As the GM, conditions are going to come up. Having the effects of the conditions memorized will make your job a lot easier. There's not a huge list of them - going over it a few times should be relatively easy to remember. If not, make a cheat sheet, with derived values. A -4 penalty to dex is -2 ac, -2 initiative, and with a bow, -2 to hit. Having that on a cheat sheet is very easy.

If there's a lot of a single monster, you could create a statblock for that monster with common conditions if you expect it will get blinded or whatnot, or you're slow at doing head-math at the table.

Abstract Everything

Don't roll individual saving throws for 20 orcs. That's a terrible idea. Always, always, take the statistical average (or mix it up, and say that most saved one time, and then say they rolled poorly and most didn't make it the next time).
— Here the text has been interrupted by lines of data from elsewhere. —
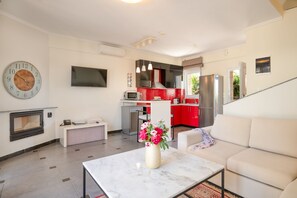 TV, fireplace, books - Sunny Spa Villa – Private Pool, Sauna, Aircon & WiFi (Hanioti)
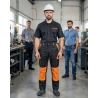 Pantalon de travail Noir et orange — mise en situation : Industrie, Portrait individuel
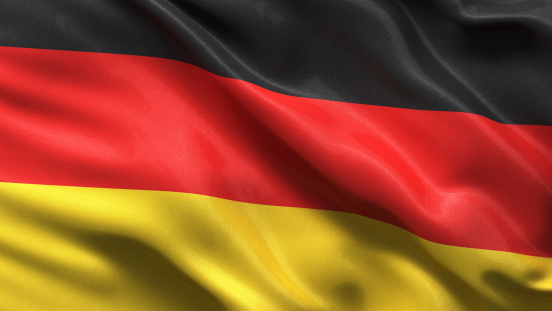 Silky flag of Germany waving in the wind with highly detailed fabric texture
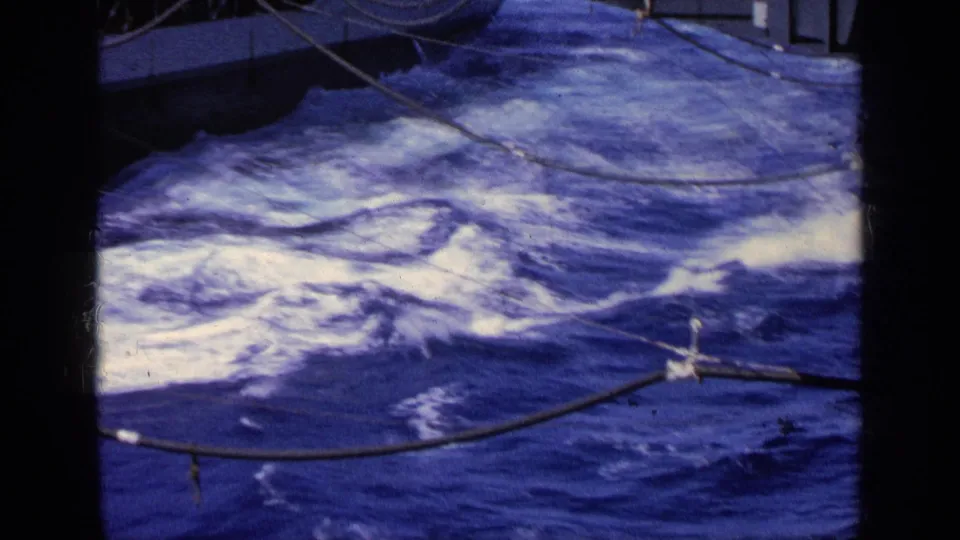 1963 Greece home-movie frame of churning sea beside a cargo ship, with deck cables crossing the foreground and hull partly visible.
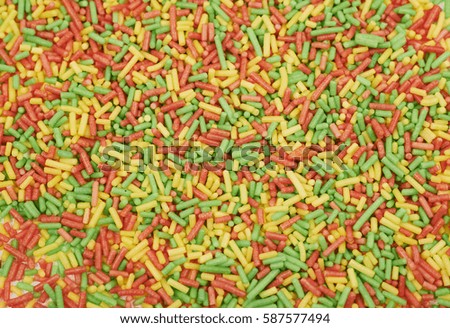 Surface coated with the multiple colorful long sugar candy sprinkles as an abstract background composition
I understand not using the Mob template sometimes (DMGII iirc), as it's a bit weird and hard to understand how stuff like 'kicking an individual orc over the ledge' works sometimes. I'd still take a look at it - it abstracts groups of enemies into a single 'monster' with combined stats and hp.
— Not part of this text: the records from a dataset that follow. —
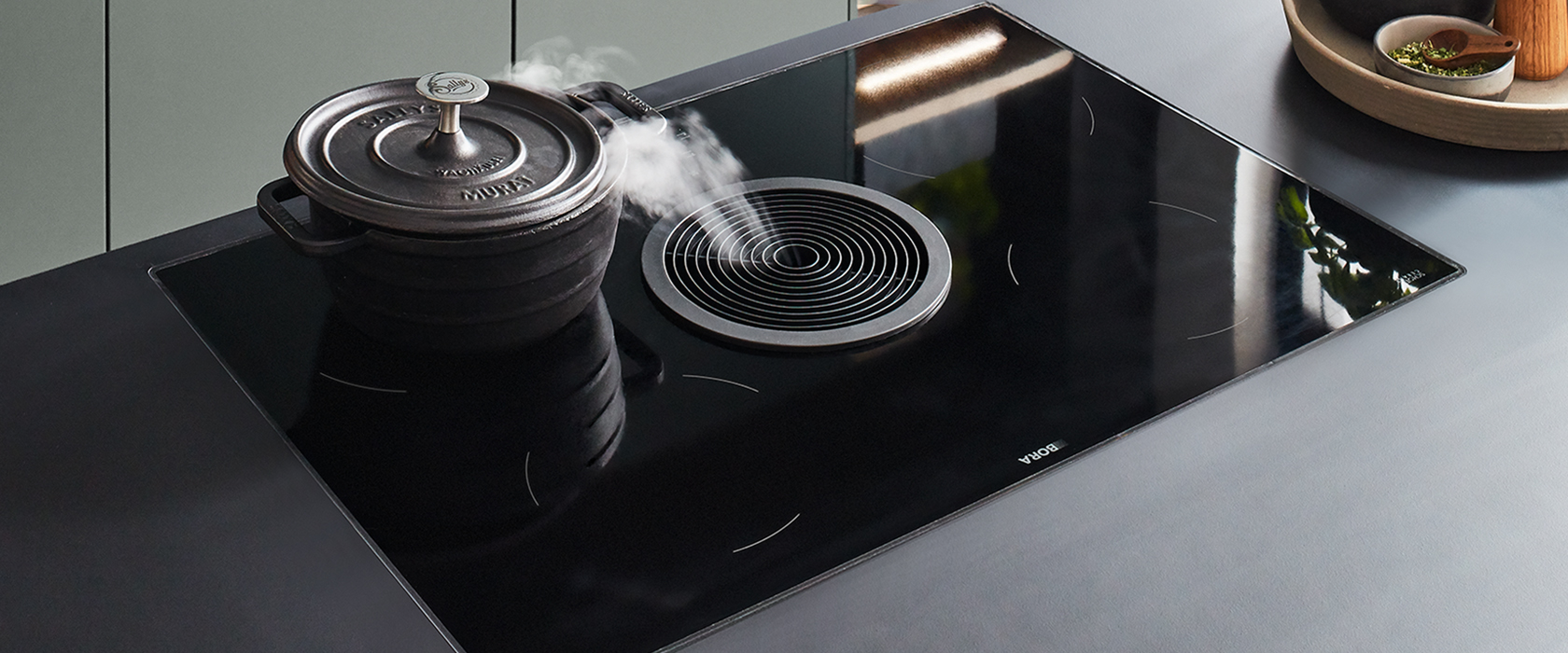 Strakke, moderne inductiekookplaat met een actieve kookpot, waar stoom uit opstijgt, geplaatst in een eigentijdse keuken met subtiele aardetinten.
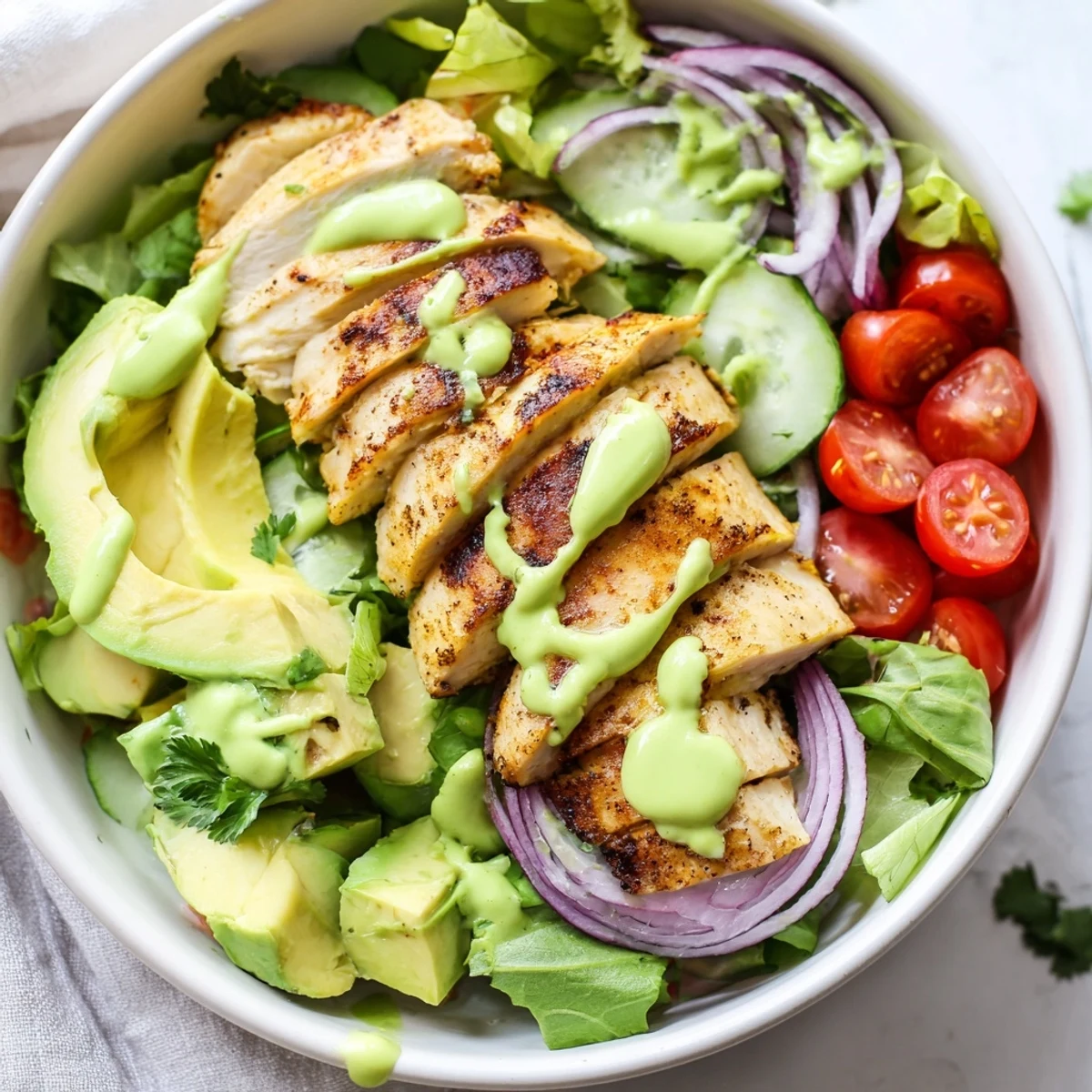 Healthy avocado grilled chicken salad bowl layered with juicy meat and vibrant garden vegetables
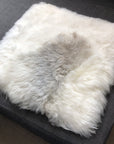 Premium Icelandic sheepskin square seat cover, 37cm, natural white with grey highlights, luxury handcrafted sheep fur, best-selling sustainable home decor by Wildash London at brixbailey.com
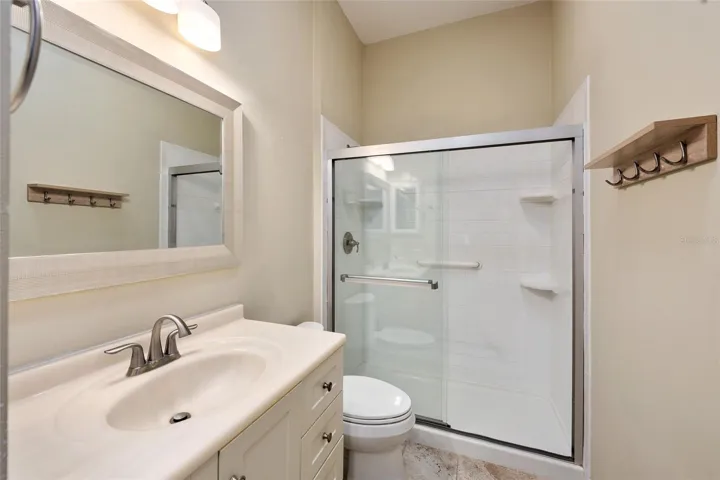 Updated BATHROOM #2 with COMFORT HEIGHT TOILET and shower renovation with TILE SURROUND & SLIDING GLASS DOORS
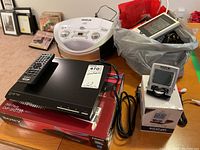 Sony DVD player DVP-SR510H on its box with remote on top shown with RCA portable CD player and digital travel clock on the side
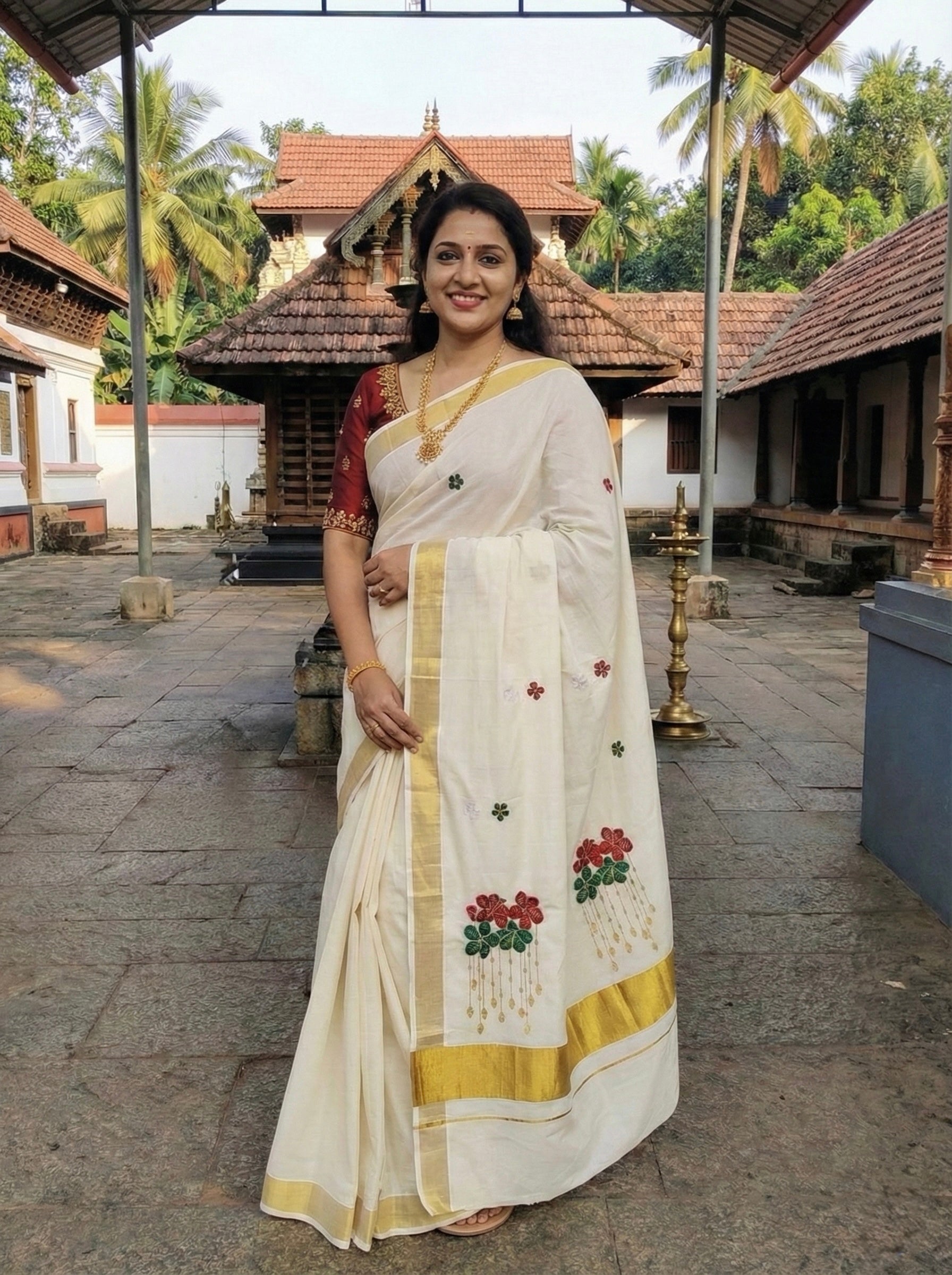 Kerala kasavu saree with floral embroidery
Even attack rolls from groups of enemies can be abstracted - if only 5% of them would hit, say only 5% of them hit. Rolling a billion dice is always a terrible idea.
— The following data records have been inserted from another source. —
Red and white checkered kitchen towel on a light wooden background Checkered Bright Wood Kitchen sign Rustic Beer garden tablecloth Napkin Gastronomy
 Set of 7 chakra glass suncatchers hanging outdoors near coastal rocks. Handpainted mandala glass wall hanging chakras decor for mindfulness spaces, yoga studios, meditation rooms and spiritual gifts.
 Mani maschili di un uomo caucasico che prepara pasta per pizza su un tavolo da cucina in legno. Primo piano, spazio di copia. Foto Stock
Groups of Enemies are either Weak or Overpowered

Depending on circumstance, it's hard to make just a group of weaker enemies a good challenge. I recommend deploying them as part of ensemble encounters with stronger leaders or monsters. In that sense, you can apply the rules strictly to the leader or serious threats, and abstract the actions/defenses of the minions, and it feels very natural to do this.

The PCs will treat the orcs as an environmental hazard, and that's great - that's exactly how a 'guards, get them!' situation should work.